What is being asked
Please take the lines from the one holding "SpongeBob SquarePants and" through the one holding "Fair Harbor x" in the data below and copy them exactly.

Data excerpts
= = = = =

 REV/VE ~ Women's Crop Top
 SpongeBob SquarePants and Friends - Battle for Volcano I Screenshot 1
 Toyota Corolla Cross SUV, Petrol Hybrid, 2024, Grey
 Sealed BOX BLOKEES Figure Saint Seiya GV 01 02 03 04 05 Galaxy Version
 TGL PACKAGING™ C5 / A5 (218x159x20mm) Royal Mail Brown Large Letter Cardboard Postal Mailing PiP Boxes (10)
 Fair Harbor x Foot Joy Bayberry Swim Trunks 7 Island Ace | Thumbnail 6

= = = = =

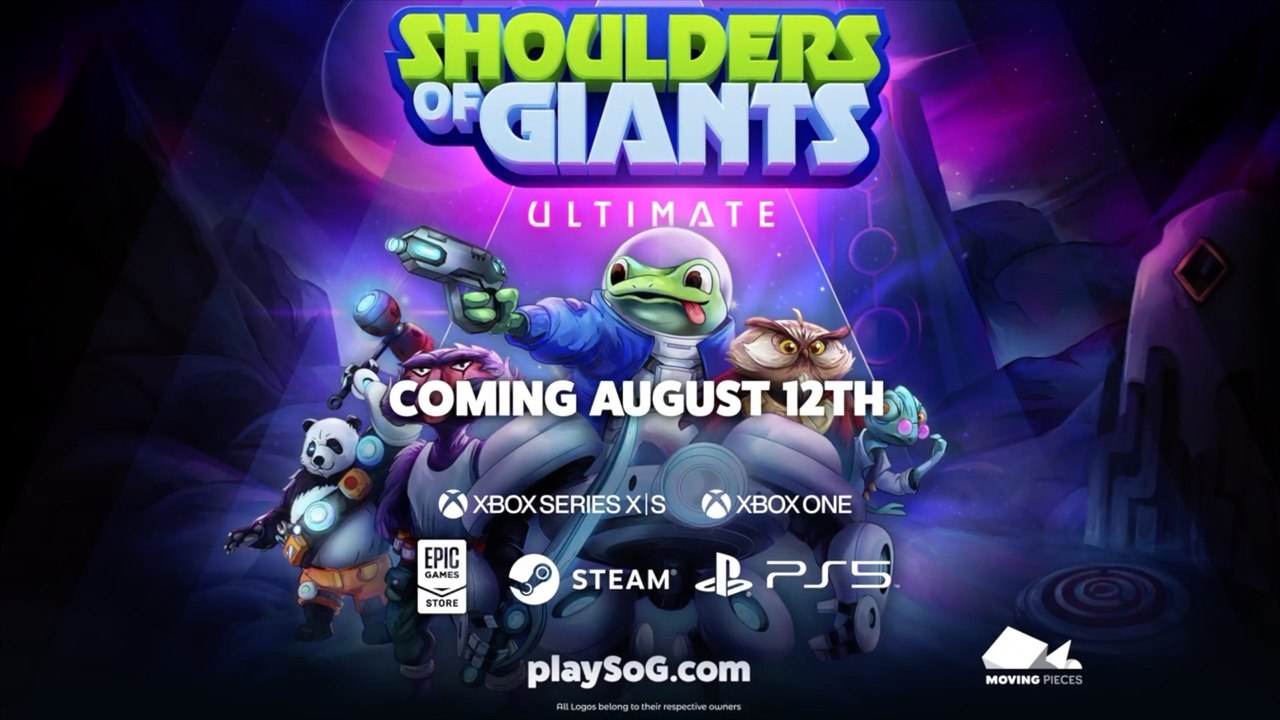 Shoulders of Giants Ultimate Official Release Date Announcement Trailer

= = = = =

Answer section
 SpongeBob SquarePants and Friends - Battle for Volcano I Screenshot 1
 Toyota Corolla Cross SUV, Petrol Hybrid, 2024, Grey
 Sealed BOX BLOKEES Figure Saint Seiya GV 01 02 03 04 05 Galaxy Version
 TGL PACKAGING™ C5 / A5 (218x159x20mm) Royal Mail Brown Large Letter Cardboard Postal Mailing PiP Boxes (10)
 Fair Harbor x Foot Joy Bayberry Swim Trunks 7 Island Ace | Thumbnail 6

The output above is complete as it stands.